◆ Activity ◆
Without the pictures, write out every entry that follows exactly.

[Stored records]
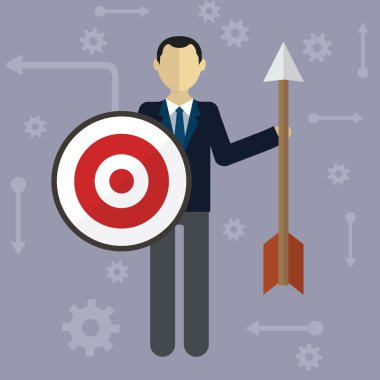 Target, businessman strategy concept clipart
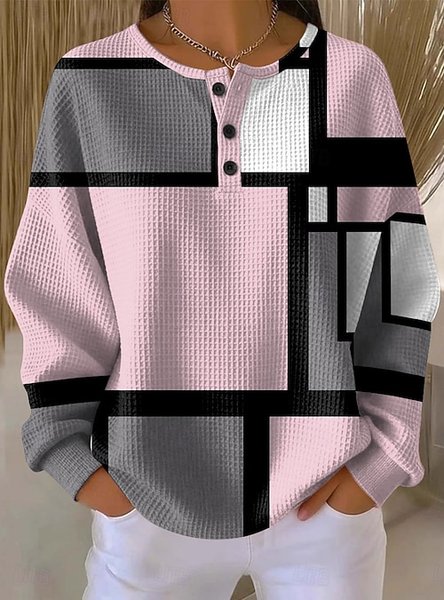 

Casual Geometric Sweatshirt, Pink, Hoodies & Sweatshirts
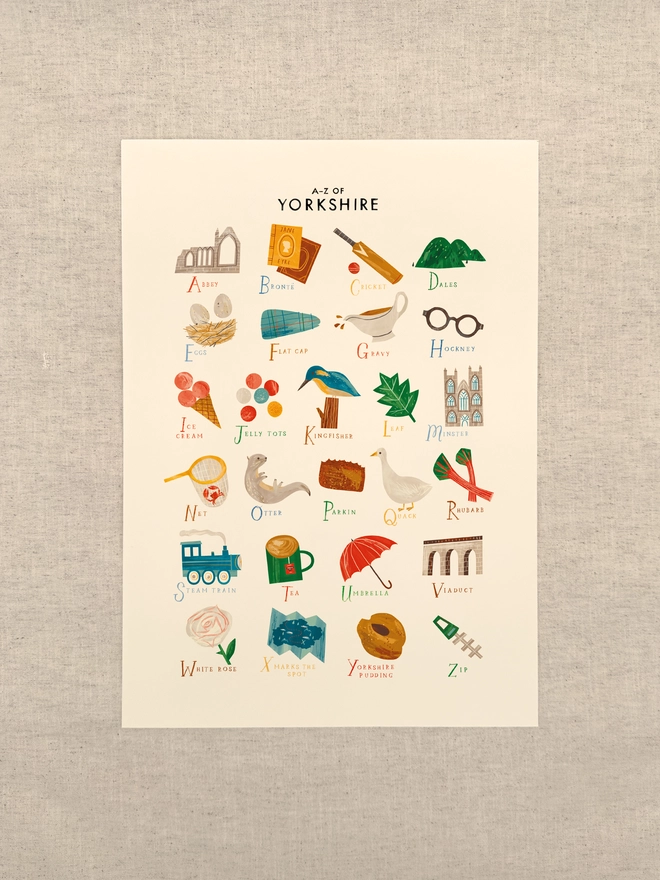 A-Z Yorkshire Print, unframed, against a neutral background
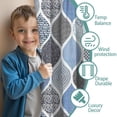 thumbnail image 3 of Blackout Kids Curtains,Blue Geometric Quatrefoil Pattern Childrens Insulated Curtains Set Of 2,Bedroom Essentials,Toddler Room Decor 42x54in(106x137cm), 3 of 5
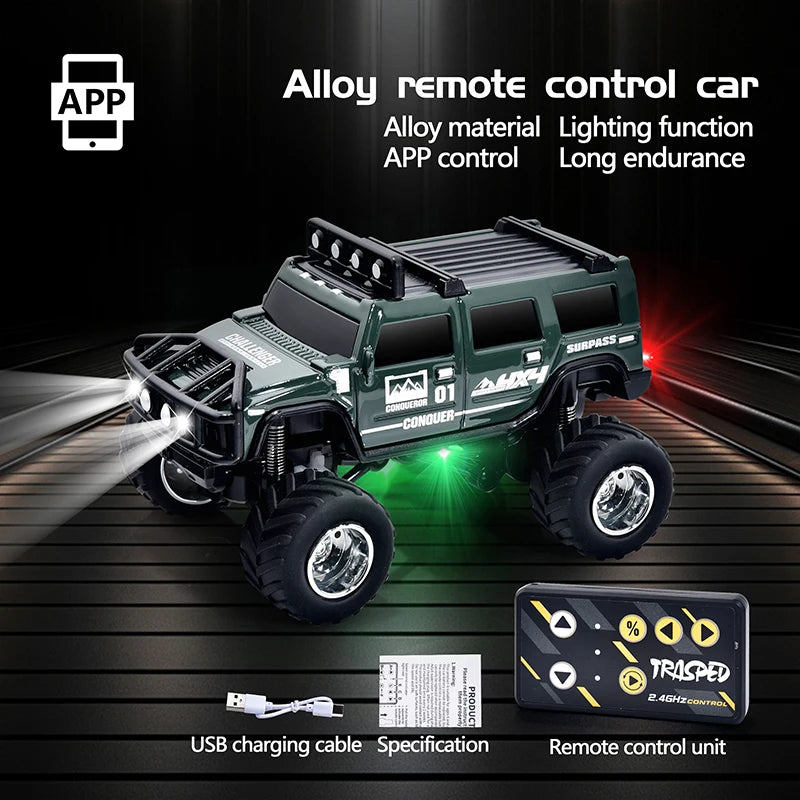 Mini 1:64 Scale Remote Control Off-Road Truck - Dual-Mode with Cruise Control
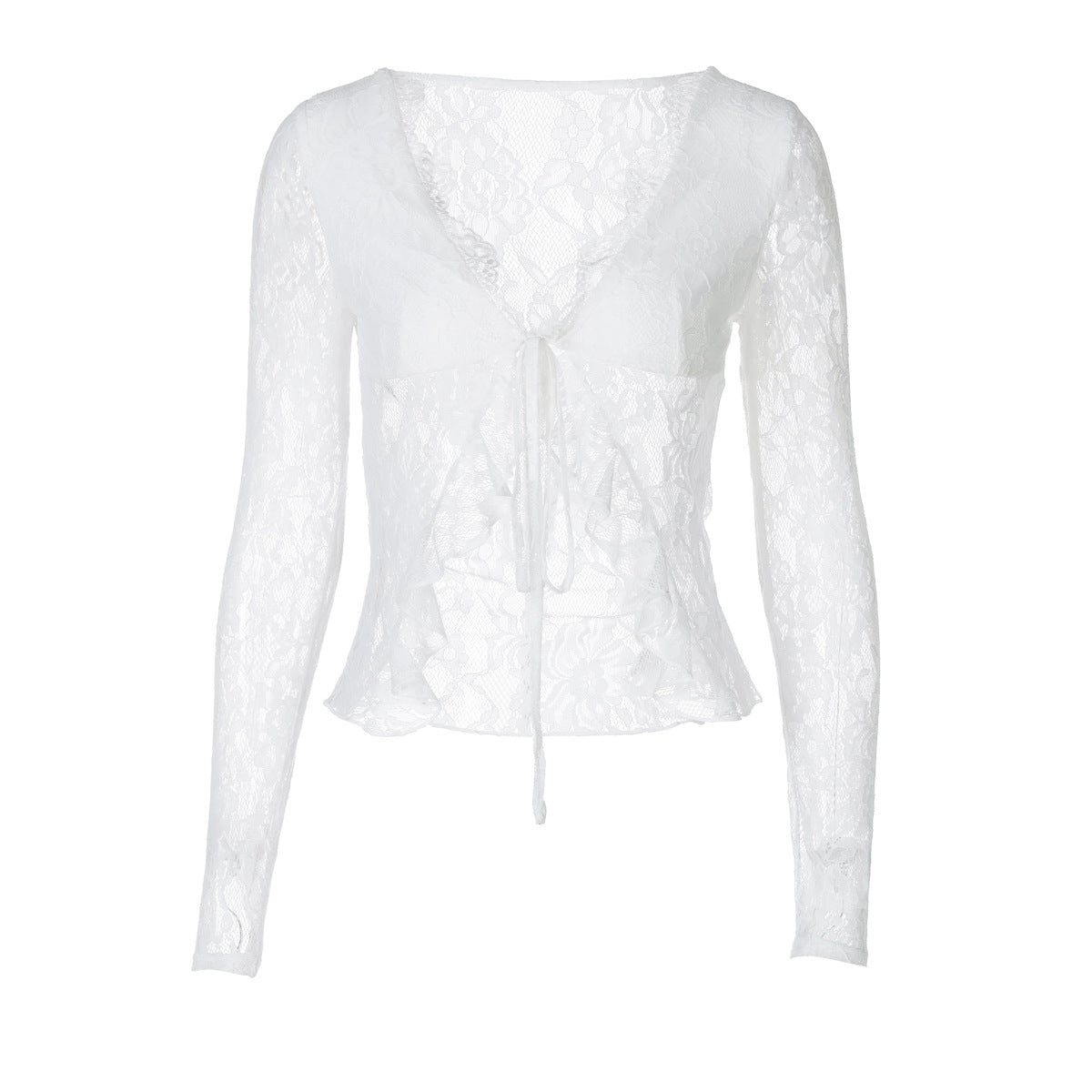 Women's Sexy Hot Lace Long Sleeve Blouses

◆ Answer ◆
 Target, businessman strategy concept clipart

Casual Geometric Sweatshirt, Pink, Hoodies & Sweatshirts
 A-Z Yorkshire Print, unframed, against a neutral background
 thumbnail image 3 of Blackout Kids Curtains,Blue Geometric Quatrefoil Pattern Childrens Insulated Curtains Set Of 2,Bedroom Essentials,Toddler Room Decor 42x54in(106x137cm), 3 of 5
 Mini 1:64 Scale Remote Control Off-Road Truck - Dual-Mode with Cruise Control
 Women's Sexy Hot Lace Long Sleeve Blouses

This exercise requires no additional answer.